Fine. Shetland, and indeed, much of Scotland, including the Western isles, is overrun by big hairy vikings with axes, magic mushrooms and a tendency to decapitate monks. Then the barons fall out and there’s around 300 years of general mayhem and malarkey between the kings and princes of Norway and various sulky lords based in Orkney and Shetland.

You can kind of see their point: “What, we’ve got to stay here when you’ve got everything from Bergen to the Arctic Circle to play with, possibly including the mysterious land of America Way Over There? Fight!”

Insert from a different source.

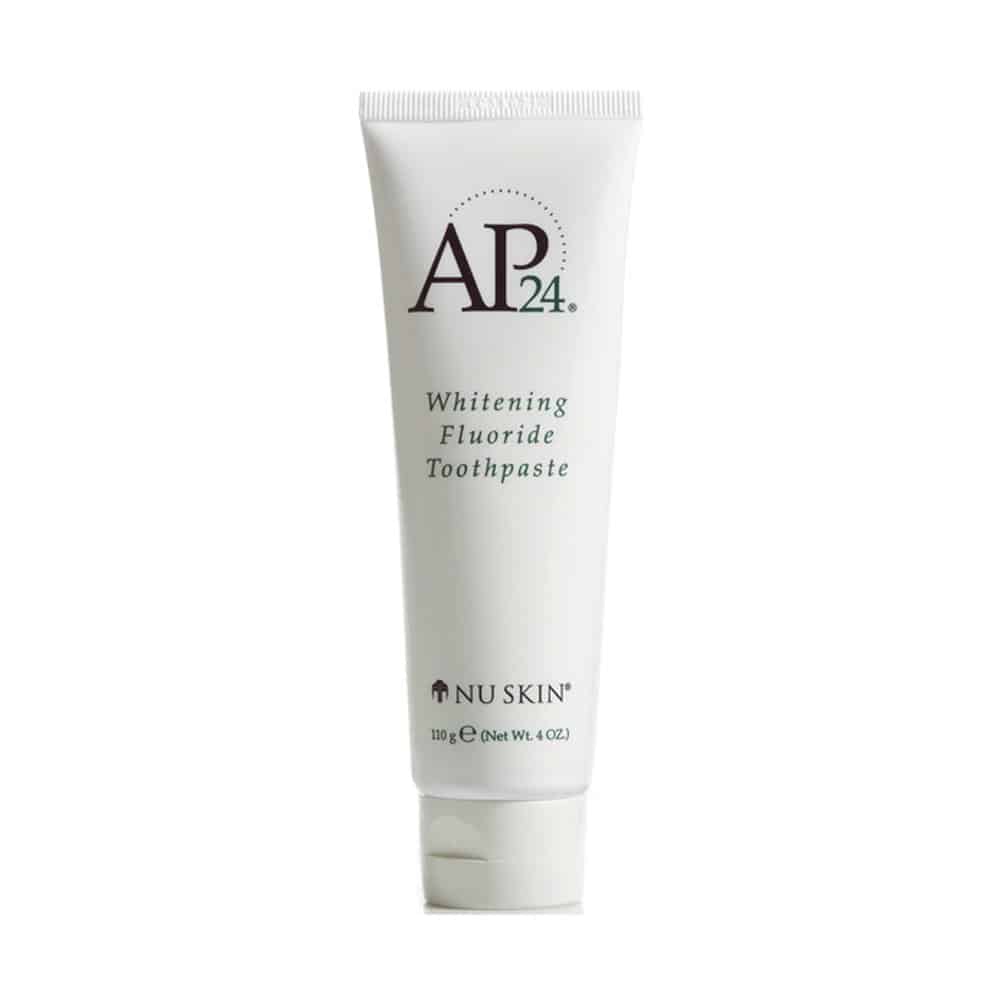 Nu Skin nuskin Authentic AP24 Whitening Fluoride Toothpaste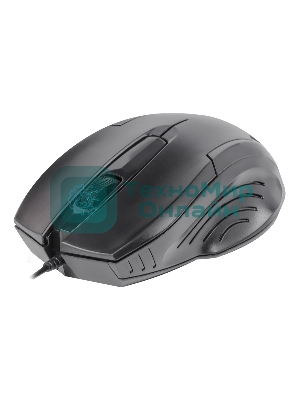 Мышь проводная Smartbuy (SBM-210-K) ONE 210-K черный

And so to the 13th Century, and all-out war between Alexander of Scotland and Haakon of Norway for control of Scotland. The Battle of Largs - no winners (sea battles tend to be like that - think of Jutland) but Haakon is over-extended and skulks back to Orkney, giving up Scotland and the Western isles. Nothing much happens for a couple of hundred years, and then comes the big event, the effects of which still reverberate down to Shetland today.

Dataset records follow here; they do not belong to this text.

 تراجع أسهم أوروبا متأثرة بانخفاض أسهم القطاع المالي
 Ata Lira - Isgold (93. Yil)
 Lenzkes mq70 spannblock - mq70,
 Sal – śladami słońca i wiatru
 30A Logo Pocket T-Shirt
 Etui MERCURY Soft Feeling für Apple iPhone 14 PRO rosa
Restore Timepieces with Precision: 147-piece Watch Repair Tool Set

It’s 1469, and the bankrupt king of Norway ,Christian, needs to sort out a bit of a political stand-off by marrying off his daughter to William, King of Scots. There’s no money for a dowery so, having already pawned Orkney to raise some gold, he does the same with Shetland. From this point on Shetland is essentially under Scots control, though the marriage never happens and there are frequent attempts right up until the 19th Century to redeem the pledge with large lumps of currency. Still, that’s it. Shetland becomes and remains Scottish, despite retaining a land tenure system and legal system based on Norse principles. Some today would like to claim that this means Shetland is not bound by British laws, and it is true that Udal Law still holds a certain sway on things like foreshore access and rights to driftwood. It was also deployed during a celebrated court case which came very close to denying the Crown Estate Commissioners authority over the seabed when it came to aquaculture. But not quite.

Anyway. Various Scottish lairdy folk grab Shetland (including an Earl of Morton, a Douglas from the Scottish border). Then there’s famine, fishing (loads of herring then none)more famine, more fishing, two world wars (still the hilt of the sword, still strategic, full of soldiers and naval activity), the discovery of oil and everyone lives wealthily or not so wealthily, happily and unhappily ever after.

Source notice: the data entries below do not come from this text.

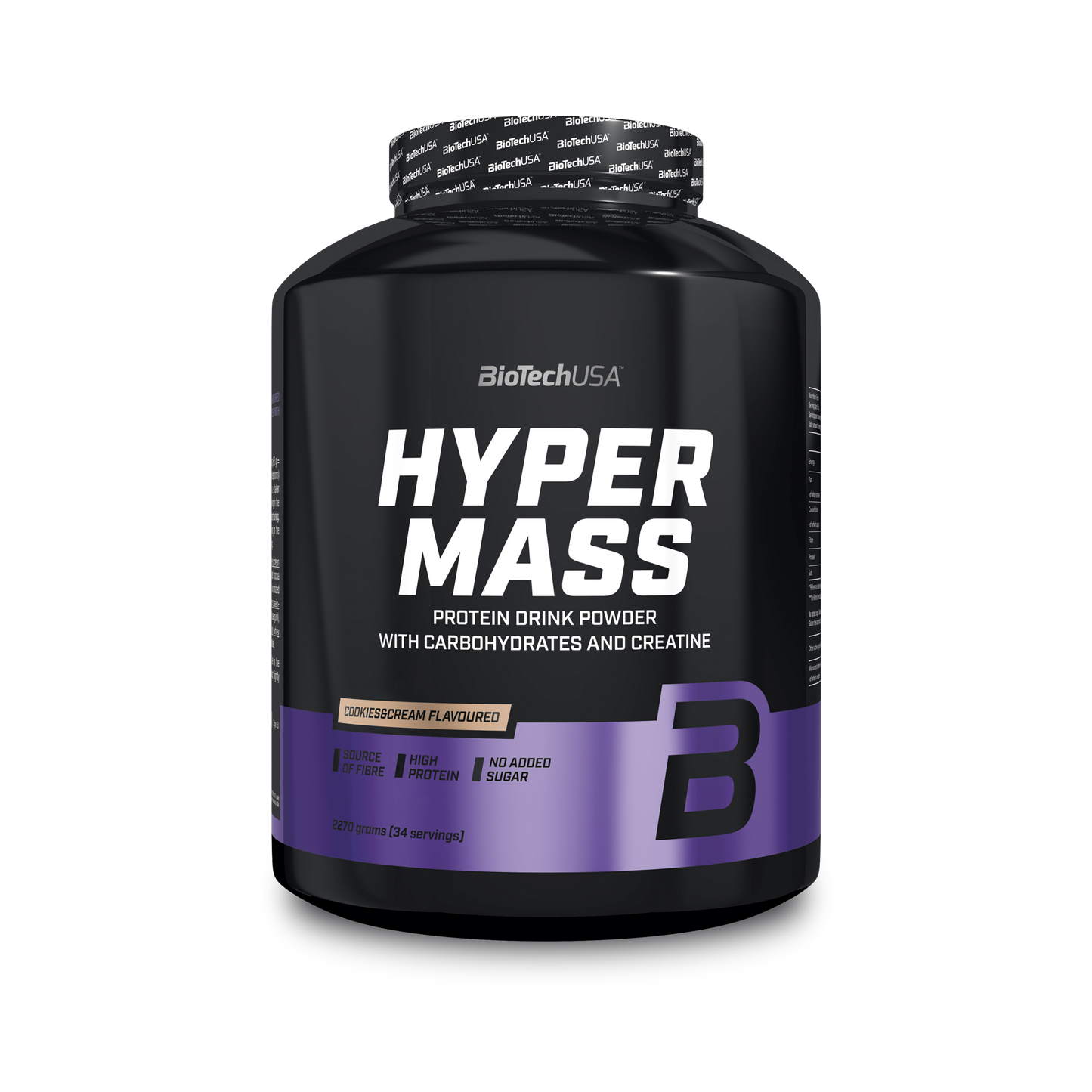 Hyper Mass 2270g Cookies & Cream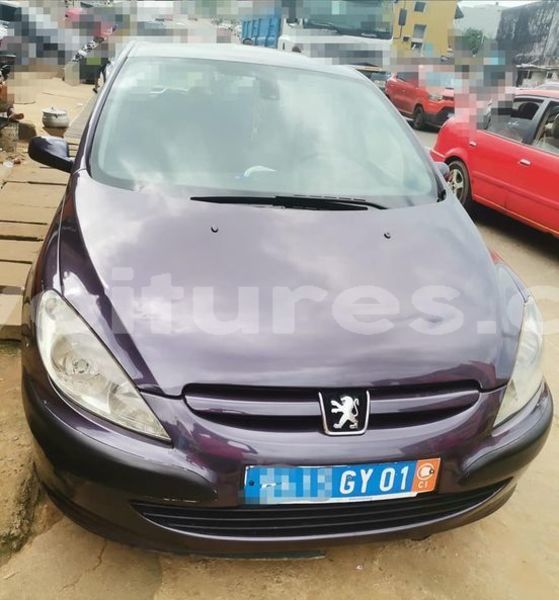 Big with watermark peugeot 307 abidjan abidjan 65087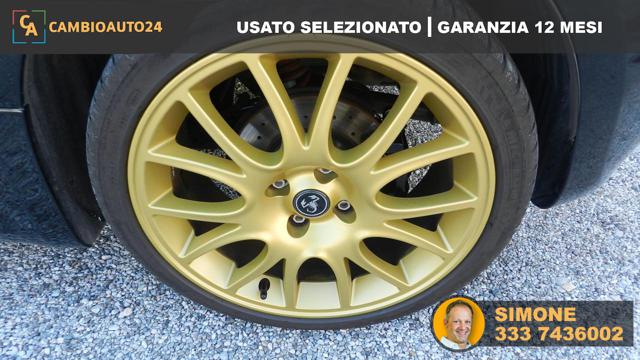 ABARTH 695 usata, con Sedili sportivi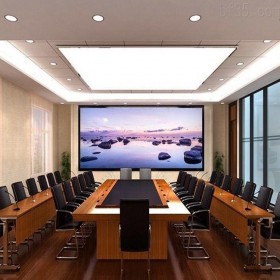 重庆遵义泸州淮水Led显示屏 P2全彩广告屏 LED拼接屏 会议室屏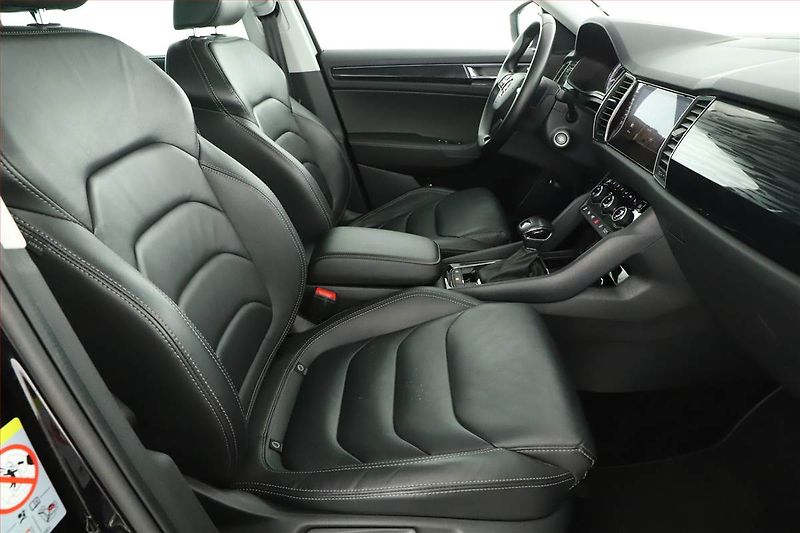 Škoda Kodiaq (2021) 1.5 TSI - fotka 19 z 22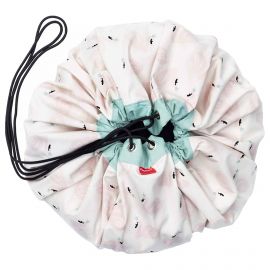 Sac de rangement - Cygne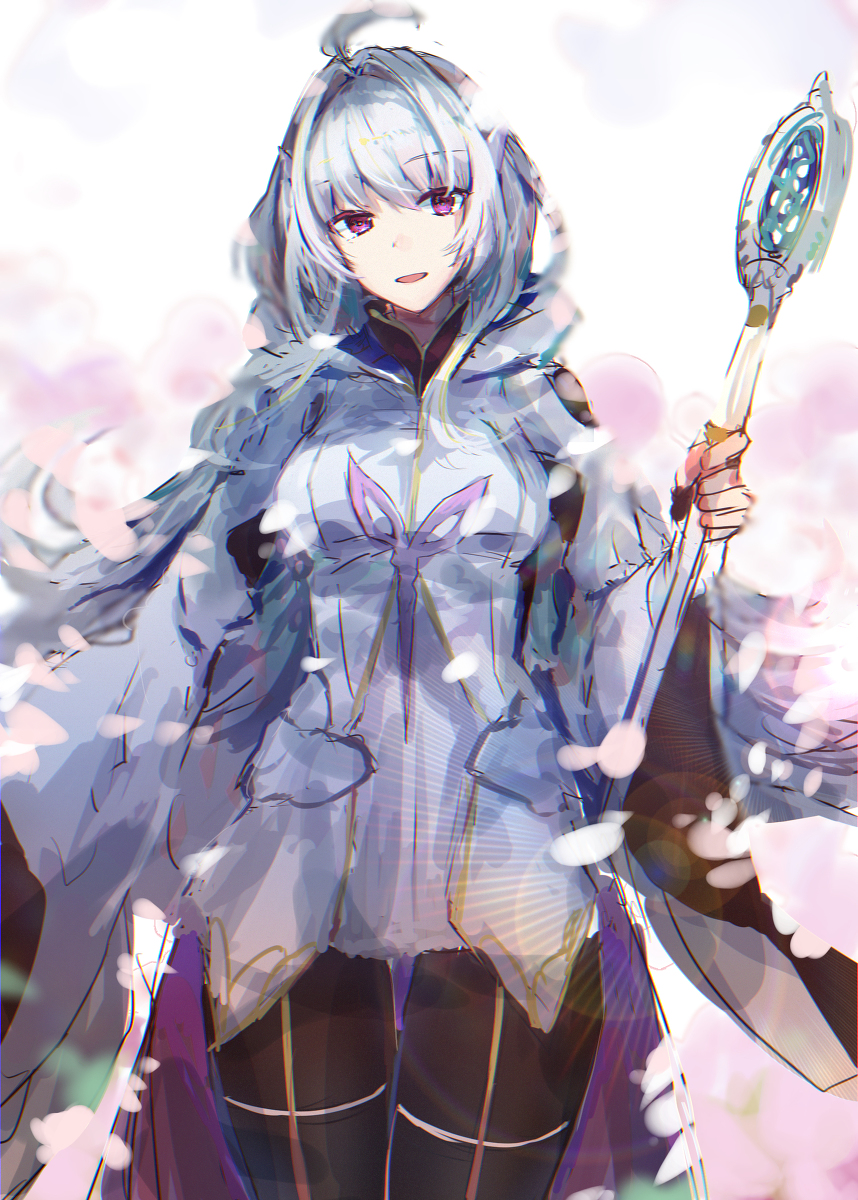 This is a pixiv picture whose title is キャスター達.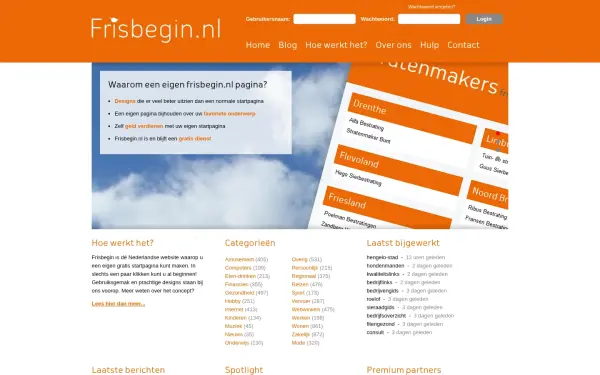 www.frisbegin.nl
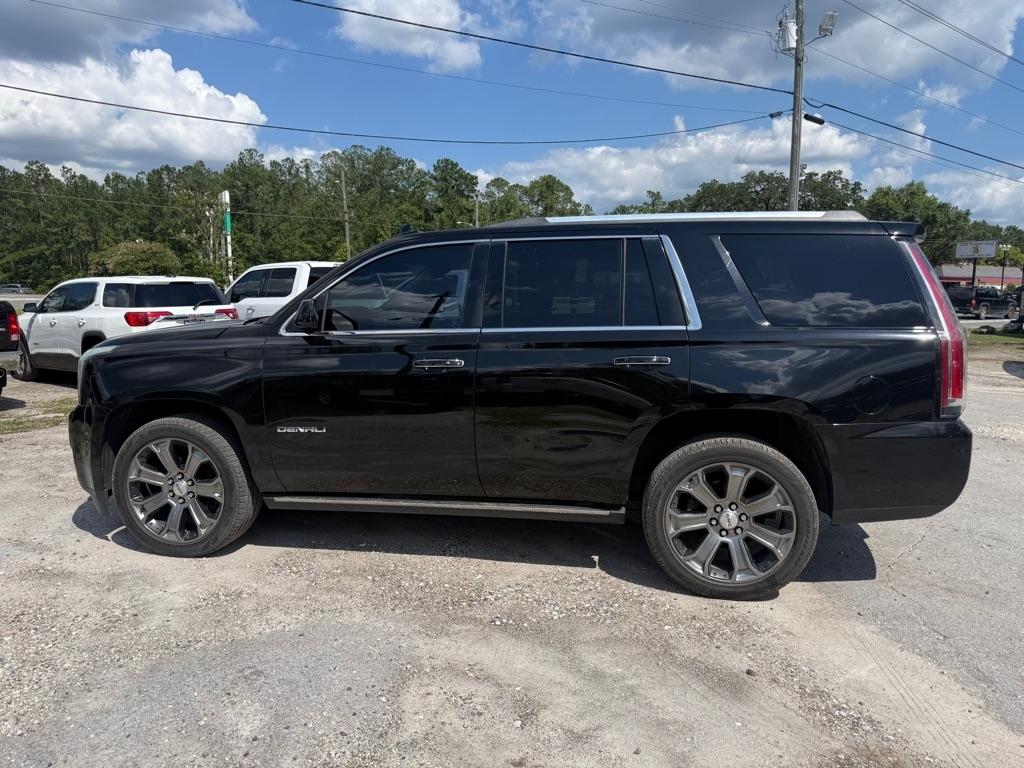 GMC Yukon 4WD 4dr Denali 2015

That, my friends, is the history of Shetland. Oh, and some radical socialists get obsessed by the romance of the vikings just after World War One, seeing them as symbolic of revolutionary freedom, and start a festival where everyone dresses up, has a party and burns a galley. That’s called Up Helly Aa.

And that’s another story altogether.

Nothing much happens for a couple of hundred years, and then comes the big event, the effects of which still reverberate down to Shetland today.